**Exercise directions:** Once a line is found to contain "Shirt", copy it out of the listing.

**Provided information:**

--------

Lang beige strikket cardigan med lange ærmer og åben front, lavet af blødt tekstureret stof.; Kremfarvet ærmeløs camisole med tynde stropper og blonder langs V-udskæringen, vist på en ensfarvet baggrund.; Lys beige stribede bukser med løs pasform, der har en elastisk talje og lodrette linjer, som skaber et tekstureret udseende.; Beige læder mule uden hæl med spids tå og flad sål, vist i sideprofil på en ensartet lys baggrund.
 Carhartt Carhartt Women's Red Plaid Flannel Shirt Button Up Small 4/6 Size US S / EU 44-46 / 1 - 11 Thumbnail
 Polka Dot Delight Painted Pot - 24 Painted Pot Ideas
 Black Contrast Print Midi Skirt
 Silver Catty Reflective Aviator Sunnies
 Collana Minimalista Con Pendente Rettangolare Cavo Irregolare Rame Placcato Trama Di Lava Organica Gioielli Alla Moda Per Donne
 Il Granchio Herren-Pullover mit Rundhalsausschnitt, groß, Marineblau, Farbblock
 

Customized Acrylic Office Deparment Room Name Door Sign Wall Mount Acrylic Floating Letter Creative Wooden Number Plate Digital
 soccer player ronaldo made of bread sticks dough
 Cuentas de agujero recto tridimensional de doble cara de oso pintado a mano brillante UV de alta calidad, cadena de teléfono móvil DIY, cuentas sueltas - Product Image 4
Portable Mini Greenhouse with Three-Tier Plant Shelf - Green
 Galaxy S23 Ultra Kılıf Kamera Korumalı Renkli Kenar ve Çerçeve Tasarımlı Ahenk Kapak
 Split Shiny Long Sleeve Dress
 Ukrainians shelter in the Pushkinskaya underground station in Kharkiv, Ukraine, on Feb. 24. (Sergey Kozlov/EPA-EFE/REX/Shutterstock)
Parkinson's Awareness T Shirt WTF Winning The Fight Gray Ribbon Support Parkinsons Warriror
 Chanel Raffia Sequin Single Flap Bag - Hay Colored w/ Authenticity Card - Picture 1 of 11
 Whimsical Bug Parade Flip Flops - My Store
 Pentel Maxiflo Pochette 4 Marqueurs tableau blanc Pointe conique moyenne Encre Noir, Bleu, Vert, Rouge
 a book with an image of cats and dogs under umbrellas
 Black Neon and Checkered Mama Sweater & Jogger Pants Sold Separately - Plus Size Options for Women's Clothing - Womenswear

--------

**Answer section:**
 Carhartt Carhartt Women's Red Plaid Flannel Shirt Button Up Small 4/6 Size US S / EU 44-46 / 1 - 11 Thumbnail
Parkinson's Awareness T Shirt WTF Winning The Fight Gray Ribbon Support Parkinsons Warriror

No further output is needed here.